Return, exactly and in full, the lines of the records below starting at the one with "Medieval Crusader LARP" and ending at the one with "Modern Boutique Guesthouse", and no other lines.

(Beginning of DATA TO EXAMINE)

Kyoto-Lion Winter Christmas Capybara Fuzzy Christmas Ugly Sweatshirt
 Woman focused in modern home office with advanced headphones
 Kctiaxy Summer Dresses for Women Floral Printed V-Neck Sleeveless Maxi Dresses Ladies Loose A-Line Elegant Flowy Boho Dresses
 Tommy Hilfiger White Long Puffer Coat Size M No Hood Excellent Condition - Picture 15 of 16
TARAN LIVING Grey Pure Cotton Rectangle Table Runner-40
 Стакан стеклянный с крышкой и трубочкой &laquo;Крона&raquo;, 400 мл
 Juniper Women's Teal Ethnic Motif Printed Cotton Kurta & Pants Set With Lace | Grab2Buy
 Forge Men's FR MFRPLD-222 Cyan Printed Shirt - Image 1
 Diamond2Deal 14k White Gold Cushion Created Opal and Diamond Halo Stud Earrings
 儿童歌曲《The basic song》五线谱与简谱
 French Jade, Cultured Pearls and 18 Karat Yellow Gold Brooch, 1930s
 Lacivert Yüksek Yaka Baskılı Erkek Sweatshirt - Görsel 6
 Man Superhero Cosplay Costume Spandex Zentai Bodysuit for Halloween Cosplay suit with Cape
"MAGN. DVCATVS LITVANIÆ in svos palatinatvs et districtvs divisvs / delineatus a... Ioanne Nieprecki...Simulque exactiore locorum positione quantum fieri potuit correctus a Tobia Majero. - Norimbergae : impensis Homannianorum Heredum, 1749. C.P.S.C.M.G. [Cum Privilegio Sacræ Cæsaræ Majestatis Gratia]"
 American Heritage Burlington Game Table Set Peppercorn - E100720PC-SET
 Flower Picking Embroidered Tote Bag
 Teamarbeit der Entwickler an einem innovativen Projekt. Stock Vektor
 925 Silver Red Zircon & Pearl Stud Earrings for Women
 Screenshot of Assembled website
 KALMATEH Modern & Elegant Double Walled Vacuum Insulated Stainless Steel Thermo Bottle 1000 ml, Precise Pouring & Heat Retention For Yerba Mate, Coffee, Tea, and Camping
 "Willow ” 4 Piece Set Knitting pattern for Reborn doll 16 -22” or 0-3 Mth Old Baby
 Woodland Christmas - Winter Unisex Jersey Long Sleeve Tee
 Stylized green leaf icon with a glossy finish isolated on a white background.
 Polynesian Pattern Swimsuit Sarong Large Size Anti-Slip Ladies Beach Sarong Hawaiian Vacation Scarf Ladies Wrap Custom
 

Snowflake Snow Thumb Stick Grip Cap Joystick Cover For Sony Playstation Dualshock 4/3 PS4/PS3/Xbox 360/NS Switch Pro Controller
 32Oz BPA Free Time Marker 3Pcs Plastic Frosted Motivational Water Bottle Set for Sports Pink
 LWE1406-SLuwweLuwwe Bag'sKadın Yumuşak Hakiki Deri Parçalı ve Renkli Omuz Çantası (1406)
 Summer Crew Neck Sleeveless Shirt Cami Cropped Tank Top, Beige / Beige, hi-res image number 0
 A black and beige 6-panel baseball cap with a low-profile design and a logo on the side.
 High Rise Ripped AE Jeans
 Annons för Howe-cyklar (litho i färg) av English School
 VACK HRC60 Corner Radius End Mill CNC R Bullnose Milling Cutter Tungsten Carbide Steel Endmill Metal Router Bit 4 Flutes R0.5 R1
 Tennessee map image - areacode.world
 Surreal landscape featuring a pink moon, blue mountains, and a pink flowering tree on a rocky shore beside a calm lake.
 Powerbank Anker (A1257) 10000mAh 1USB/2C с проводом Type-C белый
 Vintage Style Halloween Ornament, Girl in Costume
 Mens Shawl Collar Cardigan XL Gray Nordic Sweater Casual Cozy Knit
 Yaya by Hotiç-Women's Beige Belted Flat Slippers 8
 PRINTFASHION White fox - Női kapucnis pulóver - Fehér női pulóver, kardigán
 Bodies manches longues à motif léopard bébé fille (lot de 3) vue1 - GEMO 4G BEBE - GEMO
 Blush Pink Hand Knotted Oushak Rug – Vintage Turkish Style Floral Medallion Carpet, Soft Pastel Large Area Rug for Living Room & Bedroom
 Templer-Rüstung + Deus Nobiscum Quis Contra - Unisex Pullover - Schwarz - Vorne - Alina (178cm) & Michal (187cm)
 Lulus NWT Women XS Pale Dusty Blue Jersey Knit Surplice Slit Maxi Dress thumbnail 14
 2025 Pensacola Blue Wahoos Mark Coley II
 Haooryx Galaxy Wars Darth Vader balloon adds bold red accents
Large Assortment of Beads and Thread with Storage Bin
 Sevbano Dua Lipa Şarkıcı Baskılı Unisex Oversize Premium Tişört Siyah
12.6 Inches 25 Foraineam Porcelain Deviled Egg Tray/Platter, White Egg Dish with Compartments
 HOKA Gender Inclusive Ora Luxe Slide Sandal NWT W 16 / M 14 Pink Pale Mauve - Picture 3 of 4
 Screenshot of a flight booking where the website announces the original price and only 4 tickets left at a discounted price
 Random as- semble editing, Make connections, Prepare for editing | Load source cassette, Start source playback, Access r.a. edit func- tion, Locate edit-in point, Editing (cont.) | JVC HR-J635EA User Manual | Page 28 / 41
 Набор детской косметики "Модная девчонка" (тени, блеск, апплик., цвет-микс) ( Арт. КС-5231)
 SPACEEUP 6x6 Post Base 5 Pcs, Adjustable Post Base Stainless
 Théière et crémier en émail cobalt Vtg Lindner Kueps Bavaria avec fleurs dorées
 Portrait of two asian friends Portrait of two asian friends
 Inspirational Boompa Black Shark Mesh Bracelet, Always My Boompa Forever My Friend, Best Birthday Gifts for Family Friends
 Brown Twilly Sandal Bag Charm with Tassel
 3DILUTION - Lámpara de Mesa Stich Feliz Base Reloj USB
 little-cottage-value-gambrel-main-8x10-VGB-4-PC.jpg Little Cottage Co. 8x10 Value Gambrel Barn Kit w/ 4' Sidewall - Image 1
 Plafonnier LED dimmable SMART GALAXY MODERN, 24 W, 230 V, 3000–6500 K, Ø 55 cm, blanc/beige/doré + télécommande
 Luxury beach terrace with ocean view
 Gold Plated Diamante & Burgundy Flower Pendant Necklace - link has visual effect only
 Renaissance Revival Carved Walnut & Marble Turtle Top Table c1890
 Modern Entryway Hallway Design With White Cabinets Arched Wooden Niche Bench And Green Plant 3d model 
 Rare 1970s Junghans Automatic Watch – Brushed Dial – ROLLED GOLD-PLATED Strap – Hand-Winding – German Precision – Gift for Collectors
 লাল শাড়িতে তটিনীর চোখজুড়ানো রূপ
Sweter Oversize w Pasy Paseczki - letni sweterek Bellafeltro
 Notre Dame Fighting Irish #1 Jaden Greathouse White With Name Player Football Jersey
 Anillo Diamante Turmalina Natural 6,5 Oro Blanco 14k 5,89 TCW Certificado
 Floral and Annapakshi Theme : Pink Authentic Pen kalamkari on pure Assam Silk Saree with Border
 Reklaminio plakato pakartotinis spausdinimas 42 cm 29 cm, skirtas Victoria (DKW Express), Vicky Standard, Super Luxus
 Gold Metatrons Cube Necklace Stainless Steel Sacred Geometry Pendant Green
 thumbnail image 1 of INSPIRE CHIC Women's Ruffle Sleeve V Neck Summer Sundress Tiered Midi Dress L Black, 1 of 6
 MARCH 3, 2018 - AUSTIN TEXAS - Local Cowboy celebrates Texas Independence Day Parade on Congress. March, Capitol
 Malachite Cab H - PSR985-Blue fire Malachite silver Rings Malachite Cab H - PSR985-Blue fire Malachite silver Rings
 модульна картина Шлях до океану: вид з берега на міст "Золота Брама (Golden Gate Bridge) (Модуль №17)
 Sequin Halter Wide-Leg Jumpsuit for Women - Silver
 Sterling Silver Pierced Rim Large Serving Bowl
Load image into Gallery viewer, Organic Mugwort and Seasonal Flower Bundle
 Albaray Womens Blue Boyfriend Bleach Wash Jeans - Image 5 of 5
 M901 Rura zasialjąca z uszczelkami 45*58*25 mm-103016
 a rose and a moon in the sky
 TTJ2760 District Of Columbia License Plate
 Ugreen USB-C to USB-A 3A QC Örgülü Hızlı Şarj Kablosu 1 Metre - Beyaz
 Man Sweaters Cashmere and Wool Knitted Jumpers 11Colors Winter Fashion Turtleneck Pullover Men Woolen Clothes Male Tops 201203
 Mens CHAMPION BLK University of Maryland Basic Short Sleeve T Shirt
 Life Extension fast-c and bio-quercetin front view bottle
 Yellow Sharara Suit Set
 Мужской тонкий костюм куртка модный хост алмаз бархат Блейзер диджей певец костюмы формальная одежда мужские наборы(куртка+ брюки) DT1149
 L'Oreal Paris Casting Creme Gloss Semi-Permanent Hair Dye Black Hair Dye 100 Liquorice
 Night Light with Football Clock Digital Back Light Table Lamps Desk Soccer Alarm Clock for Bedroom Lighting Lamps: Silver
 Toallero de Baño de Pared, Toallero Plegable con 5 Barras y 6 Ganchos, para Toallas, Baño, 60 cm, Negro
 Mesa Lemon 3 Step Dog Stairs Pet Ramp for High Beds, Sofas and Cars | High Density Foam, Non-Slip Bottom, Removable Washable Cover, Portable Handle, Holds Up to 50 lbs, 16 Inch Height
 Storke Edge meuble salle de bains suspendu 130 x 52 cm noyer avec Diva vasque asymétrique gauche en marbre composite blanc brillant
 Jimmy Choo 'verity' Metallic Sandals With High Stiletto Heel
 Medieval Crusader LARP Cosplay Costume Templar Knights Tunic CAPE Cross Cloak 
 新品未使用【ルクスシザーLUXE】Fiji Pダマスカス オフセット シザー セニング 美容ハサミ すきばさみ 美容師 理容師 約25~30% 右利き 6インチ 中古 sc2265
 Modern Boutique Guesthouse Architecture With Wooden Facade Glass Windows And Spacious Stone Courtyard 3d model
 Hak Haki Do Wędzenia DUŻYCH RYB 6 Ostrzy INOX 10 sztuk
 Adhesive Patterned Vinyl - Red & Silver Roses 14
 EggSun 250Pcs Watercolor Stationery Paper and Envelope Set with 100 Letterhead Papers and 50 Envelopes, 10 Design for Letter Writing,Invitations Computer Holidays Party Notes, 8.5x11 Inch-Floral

(End of DATA TO EXAMINE)

- SOLUTION TO THE PROBLEM -
 Medieval Crusader LARP Cosplay Costume Templar Knights Tunic CAPE Cross Cloak 
 新品未使用【ルクスシザーLUXE】Fiji Pダマスカス オフセット シザー セニング 美容ハサミ すきばさみ 美容師 理容師 約25~30% 右利き 6インチ 中古 sc2265
 Modern Boutique Guesthouse Architecture With Wooden Facade Glass Windows And Spacious Stone Courtyard 3d model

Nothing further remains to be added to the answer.